Thank you for your reply.

I am looking at the following:

area = \int_0^{\frac{\pi}{dx} f(k;eb;dxa)dk - \int_0^{\frac{\pi}{dx} f(k;ea;dxb)dk,

ea, dxa, eb, and exb are related to the model parameters of a and b. There are the dispersion relations for 2 models.

dx is not a constant per se. The limit of k is defined by pi/dx, so for model A dx = dxa, and for model B dx= dxb. I am trying out a generalized case wherein I do not have to assume a value for dx.

I have an update. I squared the 'area' and differentiated wrt eb and equated it to 0 and now I think I have arrived at an equation that gives me the value of eb for any ea, dxa, dx and dxb values for which the area would be minimum.
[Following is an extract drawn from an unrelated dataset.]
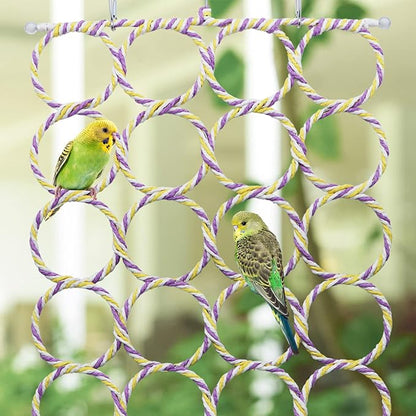 Wontee Bird Rope Climbing Ladder Parrot Hanging Swing Perch - Image 2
However, when I was differentiating 'area' wrt eb without squaring it, I was not getting anythign because the first term which is devoid of eb was just getting cancelled out. What do you think?

Hamed Shakouri G. Hi,

Ea and Eb are independent. They represent the Young's moduli of models A and b, respectively. xa and xb represent the cell discretization lengths of models A and B, respectively.
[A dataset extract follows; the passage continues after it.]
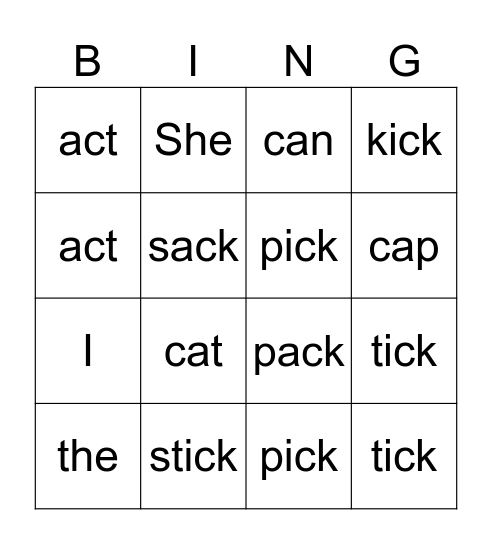 /c/, /k/, /ck/ + tricky words Bingo Card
No relation between Ea and Eb.

Both the curves are a fuction of k as they are plotted in the k-w curve.

pi/dx represents the limit of k. For model A, the limit is k/dxa and for model b it is k/dxb. I did not want to assume any value of dx and wanted to solve it for a generalized case wherein dx can be any value.

Just to clarify once more: are you squaring the integral error, or are you integrating squared error? Assuming that you are squaring the integral error: if your integral was g(alpha)+ f(beta) and you are differentiating with respect to beta, the derivative is f'(beta). However, if you are minimizing square of this quantity, the derivative is 2g(alpha)+2f(beta)f'(beta), setting which to zero might give a value of beta in terms of alpha.

Paresh Date

I tried both, i.e. integrating the squared error and squaring the integral error. I am of the belief that the former is not a correct approach and does not yield appropriate results.

When squaring the integral error I am observing the same pattern as you have mentioned. My question is that is it something normal that we have to do in order to attain minimum/maximum conditions in cases such as these (where the integral is given by g(alpha)+f(beta))? Can we say that we are manipulating the data to go ahead with the task of minimizing? Or, this falls under a known approach/method wherein you have to square the data before minimizing/maximizing?

Thank you

Hello Siddhesh Raorane

Express the integrand as (Ea-Eb)∂f/∂Eb

where f = f(k, Eb, dxb)

Then integrate it wrt k fom 0 to π /dx

Theerafter, differentiate the definite integral wrt Eb and equate to zero.

The solution of the resulting equation in terms of Eb will give the desired solution.